The question is pretty simple: Are you a US citizen?
Last month, the Department of Justice sent a letter to the Census Bureau telling them to reinstate a question in the upcoming census.
“This data is critical to the Department’s enforcement of Section 2 of the Voting Rights Act and its important protections against racial discrimination in voting,” the department explained. “To fully enforce those requirements, the Department needs a reliable calculation of the citizen voting-age population in localities where voting rights violations are alleged or suspected.”
Of course, there was immediate pushback from the bureaucrats at the Census Bureau and our Democratic friends.
Civil rights advocates and a group of Democratic senators said that connecting whether or not someone is a US citizen to voter fraud is unfounded.
“The inclusion of a question on citizenship threatens to undermine the accuracy of the Census as a whole, and given this administration’s rhetoric and actions relating to immigrants and minority groups, the DOJ request is deeply troubling,” the senators wrote in a letter addressed to Commerce Secretary Wilbur Ross.
Almost $700 billion in federal funding relies on information obtained from the census, not including congressional allocation. The Census Act requires that all questions asked fulfill a purpose.
“If the Census Bureau or the administration can establish that there is a legal requirement, a requirement in law for citizenship data for the smallest levels of geography, then that would be justification for asking every household about the citizenship status of household members but no such law exists right now,” Terri Ann Lowenthal, an independent consultant and leading expert on census issues, told The Atlantic.
The bureau sends a final list of questions which are tested beforehand. Congress must approve the fonal questions.
Here’s the catch: congressional apportionment is based on population, not voters, or voting-age population or even citizens, but total population.
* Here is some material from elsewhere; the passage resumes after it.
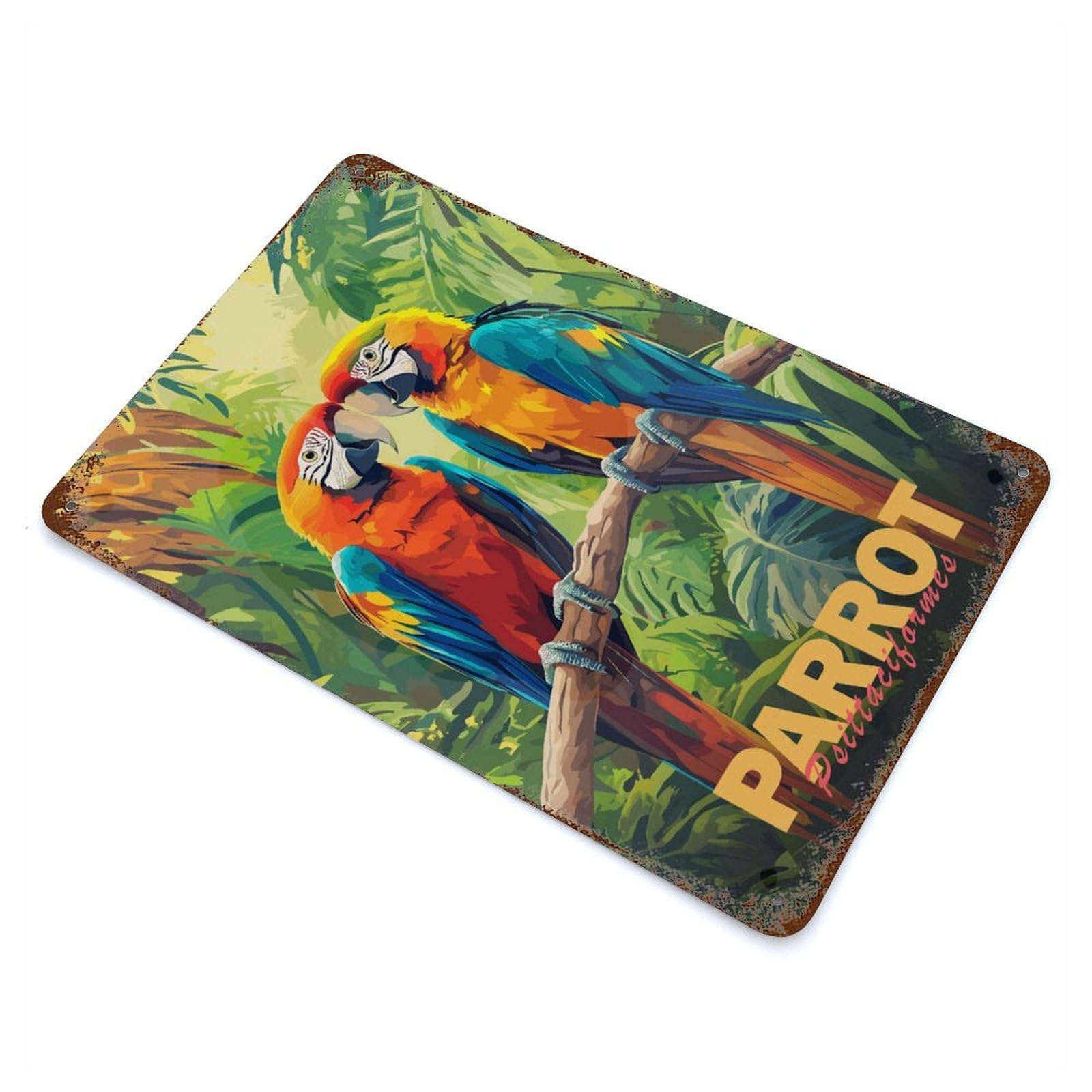 Rust Effect Two Macaws in Jungle Vintage Rust Metal Sign 11.8"x7.9", Vintage Wall Decor for Garage, Bar And Workshop Decor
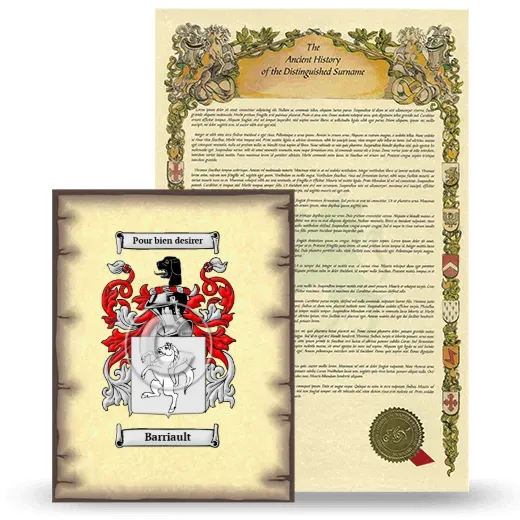 Barriault Coat of Arms and Surname History Package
So an inaccurate count would affect how House seats are distributed.
Leftists argue that a question asking the citizenship of people will keep people from participating and reduce the population of states and districts with high numbers of “non-citizens.”
Conservatives and anti-illegal immigration groups say that the non-citizen population confers an unfair advantage on Democrats.
“If 50 percent of the illegal alien population resides in California and we’re not differentiating them in the census and we’re basing apportionment in the census on those figures, then some states are losing representation while others are overrepresented,” said Chris Chmielenski, the director of content and activism at Numbers USA, which supports reduced immigration. Republican Representative Steve King of Iowa, an ardent opponent of mass immigration in the House, expressed support for the DOJ’s request, arguing that it would benefit his state: “In districts like Maxine Waters, who only needs about 40,000 votes to get reelected in her district and it takes me over 120,000 in mine because hers is loaded with illegals and mine only has a few.”
We will see what Congress says, but for once, we might have an accurate count of the non-citizens in the country.